Hello everyone, after expanding our training data scale, we noticed a significant increase in the time per iteration. Using the nsys profiler, we found that after loading a large dataset into memory for training, the main training thread would randomly get stuck. You can see the situation in the image below.
- Initially, we suspected it was a communication issue, as most of the cards were stuck on NCCL communication operators.
- After careful investigation, we discovered that the cause of the NCCL slowdown was due to some GPUs’
pt_main_thread
being in an unscheduled state during the iterations where the time increased. This caused an increase in the time taken for the forward phase. Meanwhile, the other GPUs, which were functioning normally, experienced NCCL slowdown because they had to wait for the GPUs corresponding to the stuckpt_main_thread
.
- We found that in most cases, the stuck state of the
pt_main_thread
depended on another thread that was being forked.
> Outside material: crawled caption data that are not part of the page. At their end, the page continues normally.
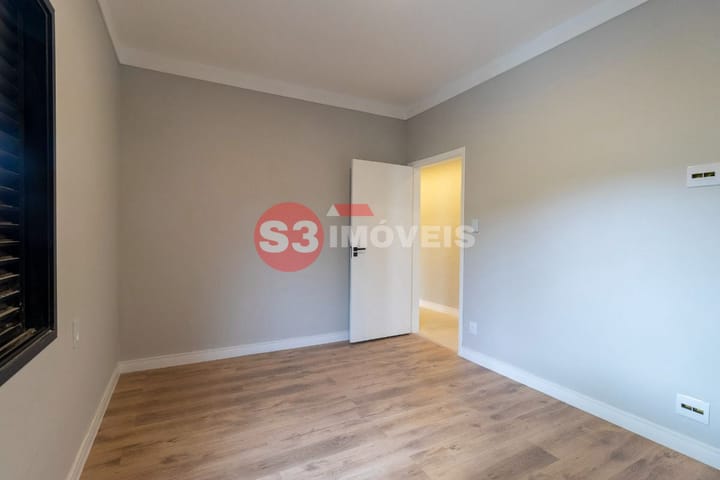 Apartamento à venda com 3 quartos, 85m² - Foto 17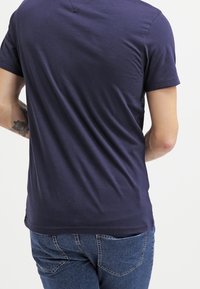 Hilfiger Denim Jednoduché tričko - dark blue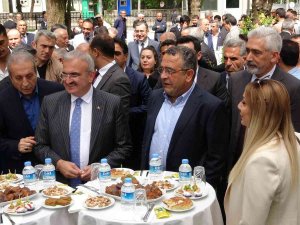 Vali Karaloğlu, Diyarbakırlılarla Bayramlaştı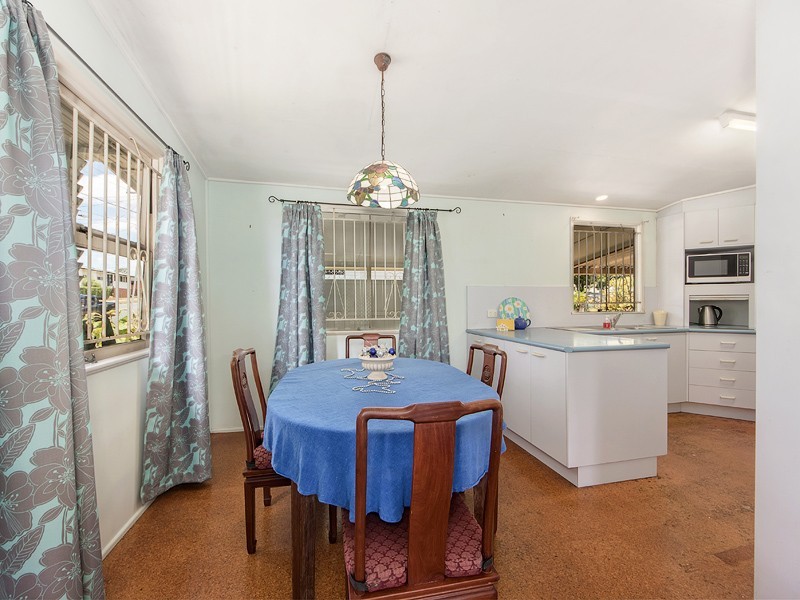 281 South Station Road, Raceview QLD 4305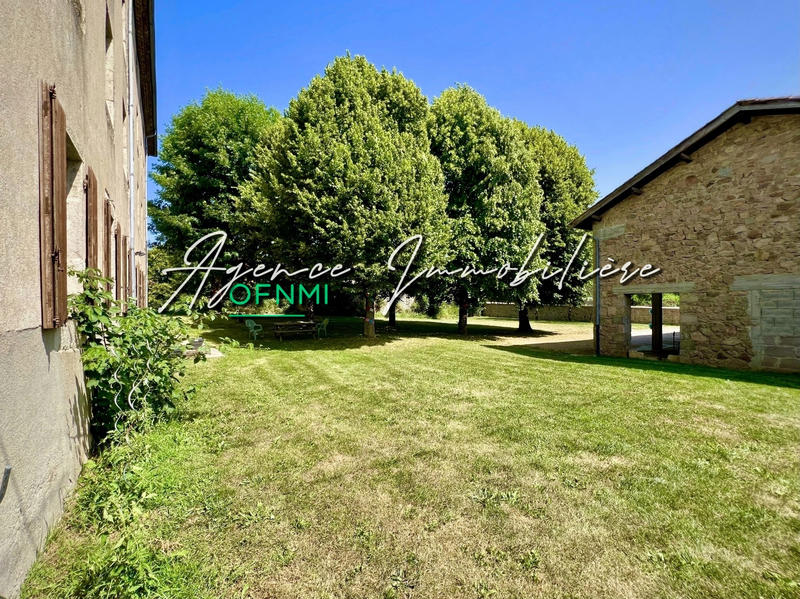 Maison - 846 m² - 26 pièces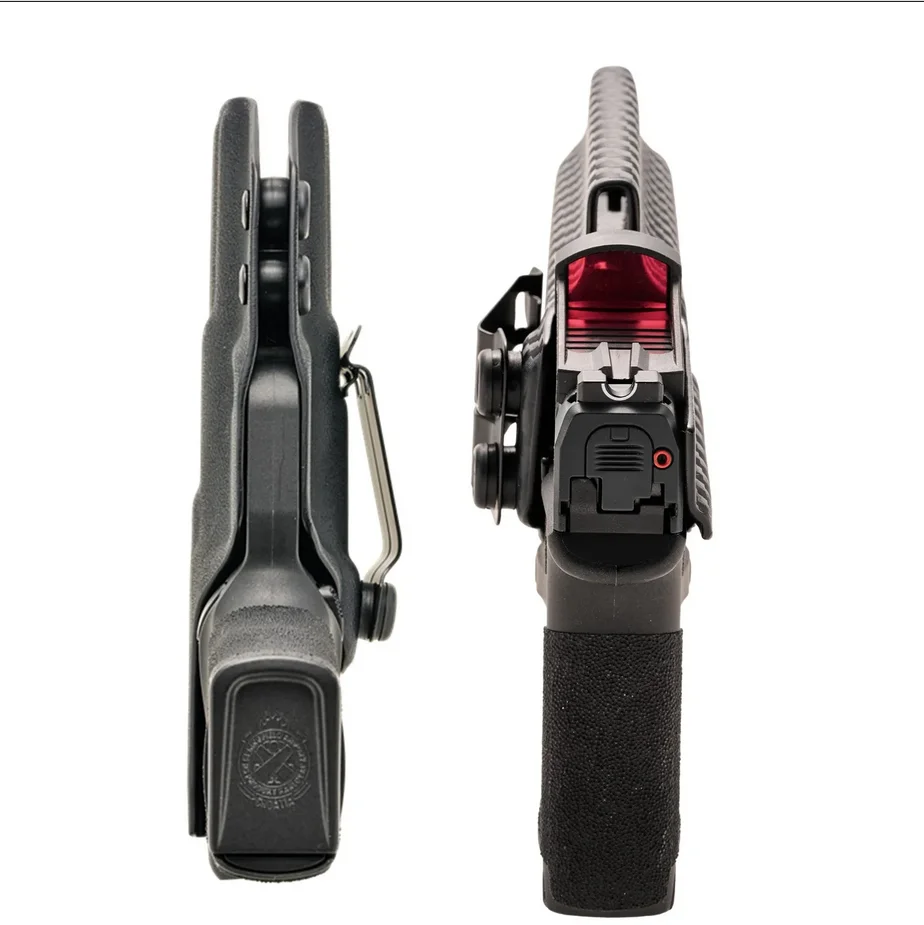 Funda Kydex con CZ P10C y linterna Olight acoplada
Generally, once the other thread finished forking, the stuckpt_main_thread
would resume scheduling.
- From the perspective of the nsys profiler, we could only see multiple threads under python3.8, and there were many threads with the same name as “pt_main_thread.” We couldn’t gain any information from the thread names. Additionally, the call stacks of each thread did not provide much valuable information.
This phenomenon did not occur when we used smaller datasets or fewer GPUs for training. This issue is quite peculiar, and we haven’t encountered it before. We would like to ask if anyone has experienced similar bugs or if there are any suggestions on how to approach analyzing this problem more effectively?
We would like to ask for advice on how to further debug this issue and identify the root cause.